Saturday, January 22, 2011

HELLO, HELLO, I have landed

There are some ideal moments to observe humanity. From a sidewalk cafe in the heart of Paris on a warm summers day. From the stands at Eden Gardens, or Anfield, or Madison Square Gardens - pick your sport. Or in an Indian train. Another such classic place is when an aeroplane lands. Regular readers of this blog are aware of this blogger's fixation with air travel and this piece will come as no surprise, especially after this and this.

As soon as the wheels touch the ground, humanity inside the plane wakes up and warms up. He may have been snoring just a moment ago, but he's wide awake now and is starting to limber up. The hand goes to the pocket and out comes the mobile phone. Its discreetly switched on and is sort of kept hidden between the legs, lest the pretty stew frowns on him and tells him to switch off. However the music on start up or the various pings rather give him away - such auditory masterpieces emanating close to an unfortunate part of the anatomy is brushed aside as an occupational hazard.

It has often been said that the definition of an instant in time is the time gap between the lights turning green and the idiot behind you honking. I submit that this is an erroneous definition. The real instant in time is when the aircraft wheels come to a stop and the action starts.

The jumping jack is the first to react. Beating all world records on speed of reaction, he reaches up to open the overhead locker to retrieve his bag. Displaying rare weightlifting talent, he hefts his bag in a wild swing designed to clobber competition..

The sprinter is equally quick to react. You see, he has deposited his bag at the other end of the aircraft as he was beaten to all the space when he first boarded the plane. Determined not to be outdone again, he pushes, shoves, crunches toes, lets elbows fly to reach his desired objective. Research has indicated that there is an overwhelming gender bias in the sprinter category - the female of the species seems to be more in number in displaying this characteristic.

The yeller is next. He has switched on his mobile phone. He then yells Hello Hello in about 1200 decibels. Only to ask the party a the other end "How are you" in the same 1300 decibels. And then disclosing the absolutely vital piece of information that he has landed.

The yeller is now being rapidly replaced by the thumb twitcher. This is the lot that switches on the dreaded Blackberry and needs to reply to E Mails. Having gone cold Turkey during the 2 hour flight and not being able to read or send emails, he is in the cold sweat of the junkie who hasn't had his fix. He makes it up with furious jabs of the right thumb, thereby increasing his chances of being afflicted with the modern day affliction of arthritis of the right thumb.

You may have noticed that the yeller seems to be a species dying out.

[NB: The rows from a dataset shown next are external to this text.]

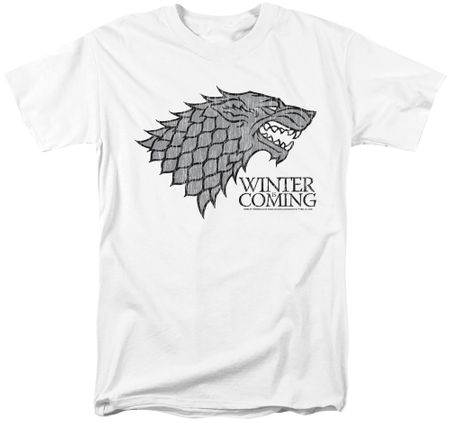 Games of Thrones GOT Winter is Coming Adult T-shirt - White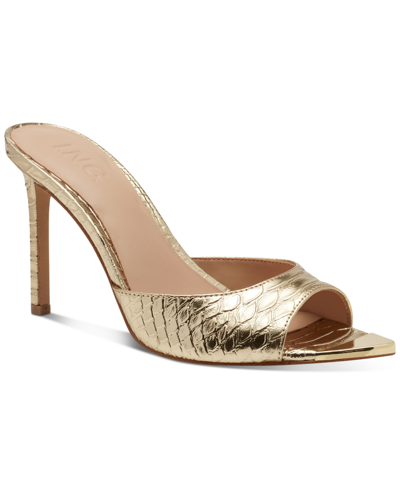 Inc International Concepts Amra Dress Slide Sandals, Created For Macy's In Gold Snake Print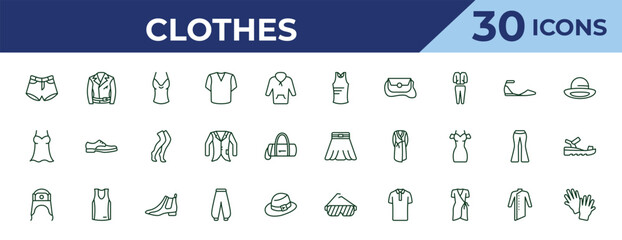 outline clothes icons set - sleeveless shirt, nightwear, ushanka. editable vector for web and mobile ui © IconArt
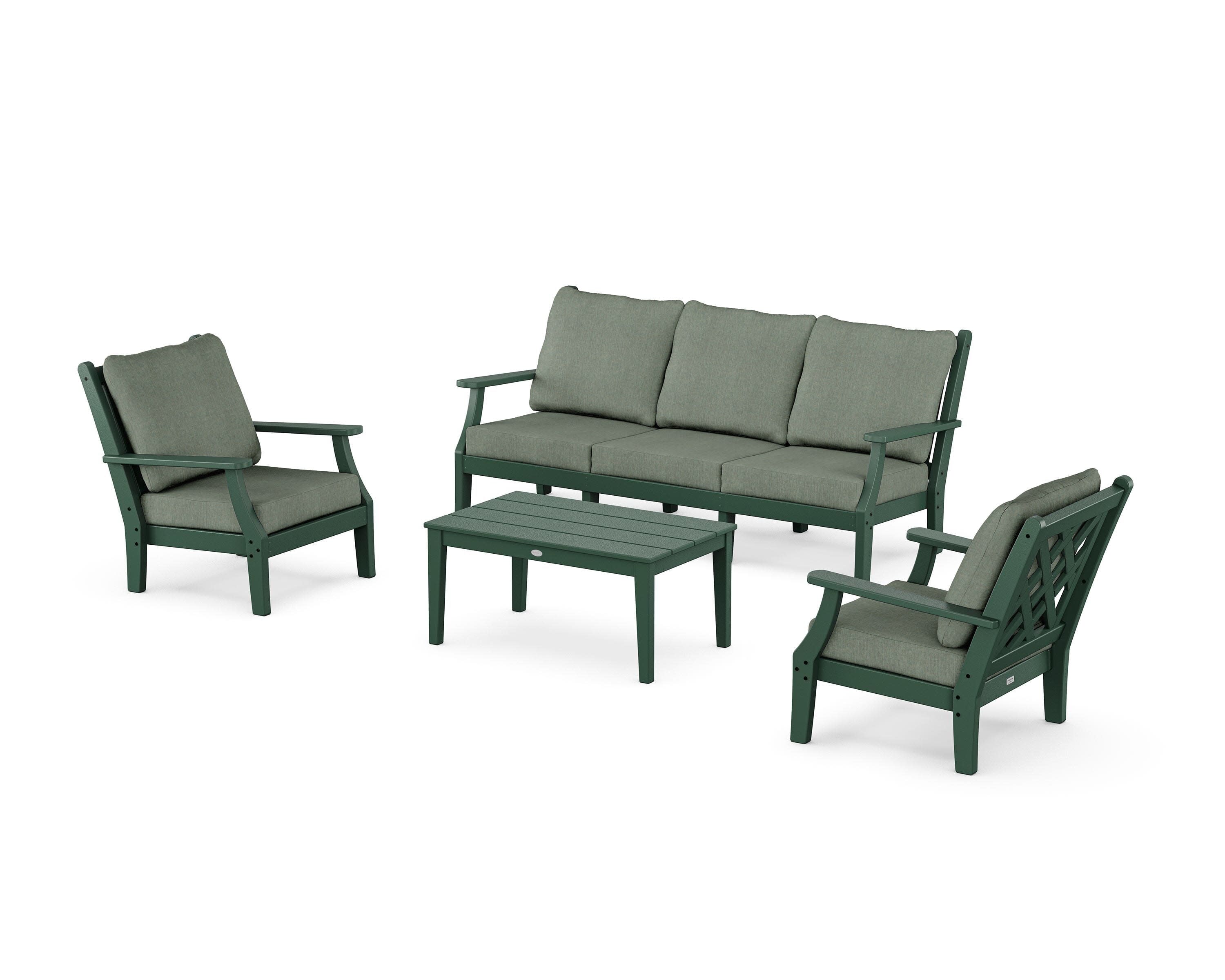 Wovendale 4-Piece Deep Seating Set with Sofa in Green / Cast Sage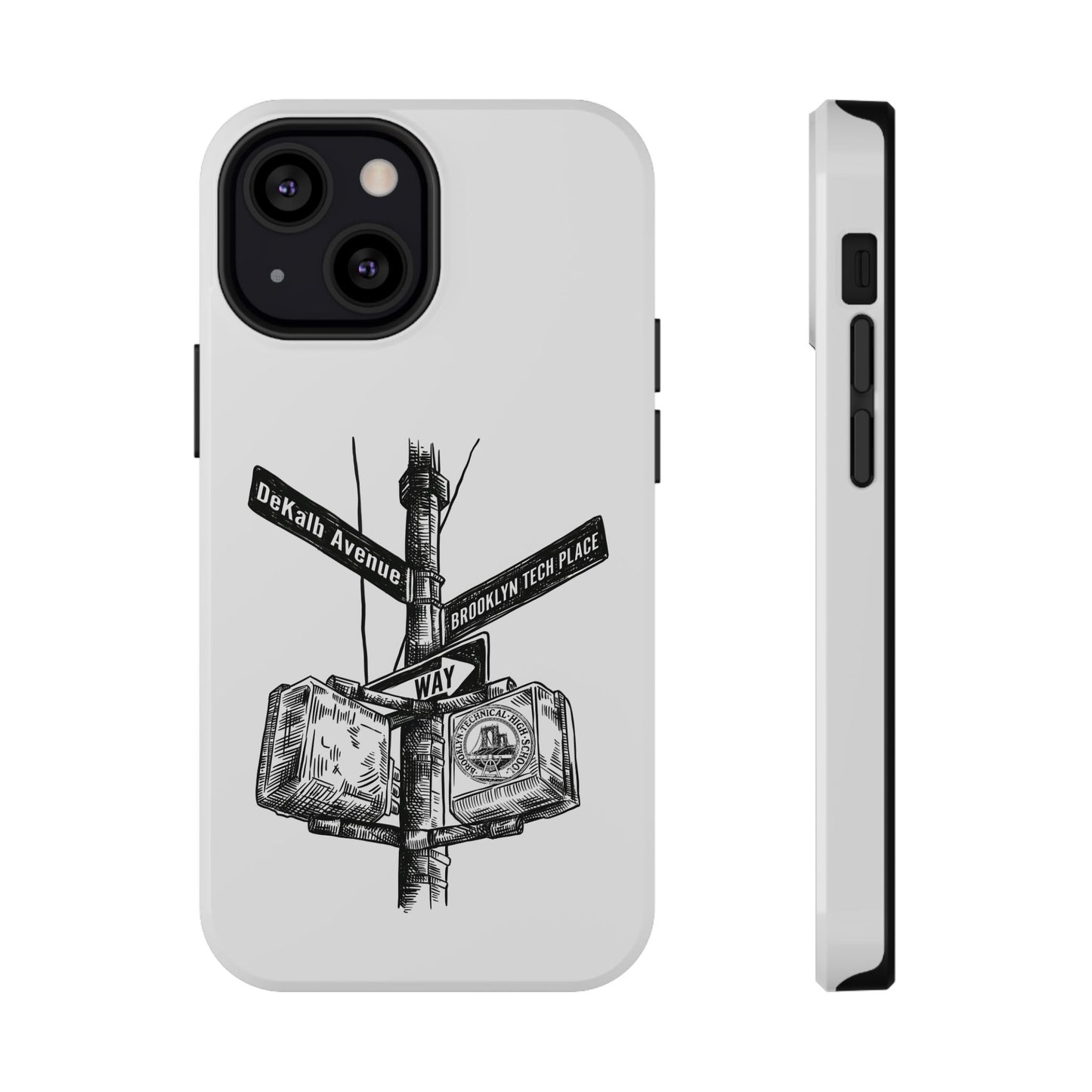 Dekalb Ave & Brooklyn Tech Pl (black graphic) - Impact-Resistant Phone Cases - White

The thumb twitchers are taking over. Conservationists are encouraged to come to the defence of the former species - Medha Patkar , Arundhati Roy, et al; please note.

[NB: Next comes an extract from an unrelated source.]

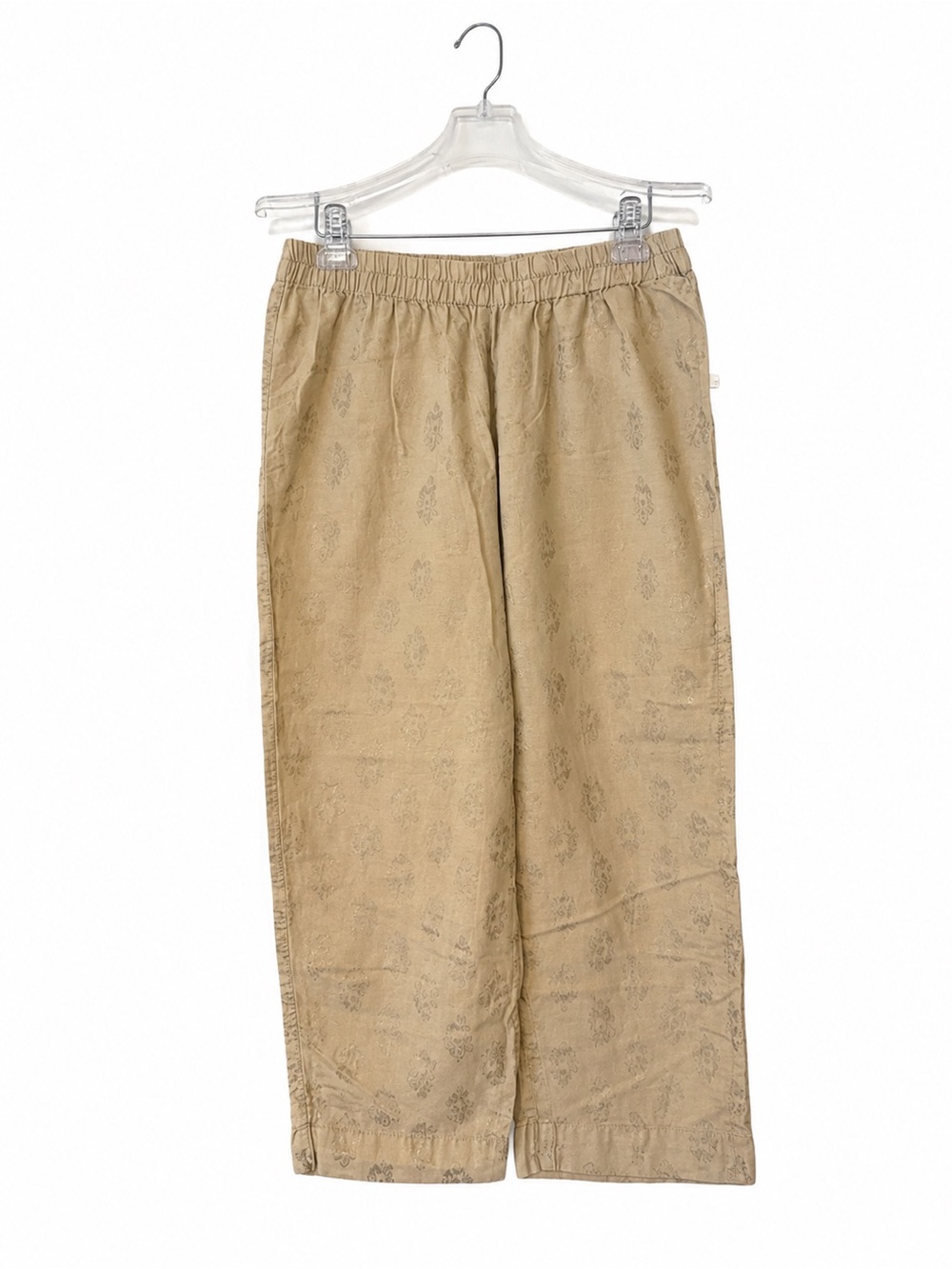 Avassaa Beige Gold Print Cotton Linen Pull-On Wide Leg Pants XL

Most are now standing in the aisle designed only to accommodate the impossibly svelte stew ( except in Air India where the aforementioned adjective is not in the lexicon). Impossible human contortions of the human body were earlier thought to be the exclusive preserve of the peak hour Mumbai local train - we can now affirm that this is not true. For about 7 minutes the airline traveler is standing with the head at 74 deg, the torso at 14 deg, with the arms at angles not yet invented and standing on one toe.

Deplaning now starts. Travelers can begin practice the art of the rugby scrum . Our resident kiwibloke can even contribute the Haka to bring in the mood. If its a double aisle aircraft, lane switching happens furiously. Either way, the proceedings closely resemble the goings on in an Indian road. Down the steps and then into a bus.

The bus journey is equally revealing as a study of human behaviour. Our corporate hero climbs the bus and stand squarely at the entrance. Others try to practice their rugby tackling skills. The sight of a business class worthie who has been pampered by caviar and champagne and endless smiles from the svelte stew, now clinging on to dear life by the bootstraps on a jampacked airline bus is rather interesting. Especially since he is likely to be a thumb twitcher and is trying to get more of his fix at the same time.

As they all stream out of the bus and stream in to the loo, its time to reflect on the glories and wonders of man !!!